'''

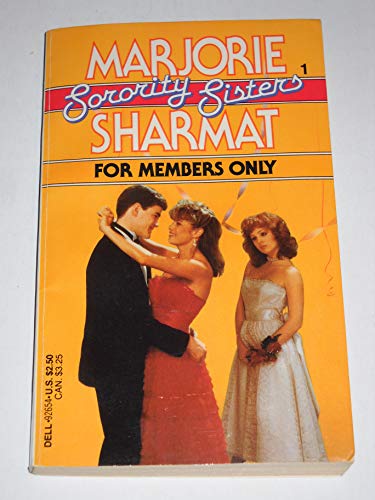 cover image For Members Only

'''
'''

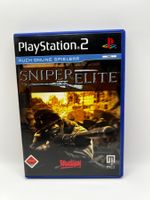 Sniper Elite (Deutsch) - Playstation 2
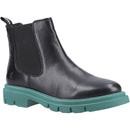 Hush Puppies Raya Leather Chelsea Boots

'''

-- ACTIVITY --
Exactly the lines above, from the one containing "Sniper Elite (Deutsch) - Playstation 2" down to the one containing "Hush Puppies Raya Leather Chelsea Boots", are to be repeated, including both ends. Pictures are not part of the copy.

-- ANSWER SPACE --
 Sniper Elite (Deutsch) - Playstation 2
 Hush Puppies Raya Leather Chelsea Boots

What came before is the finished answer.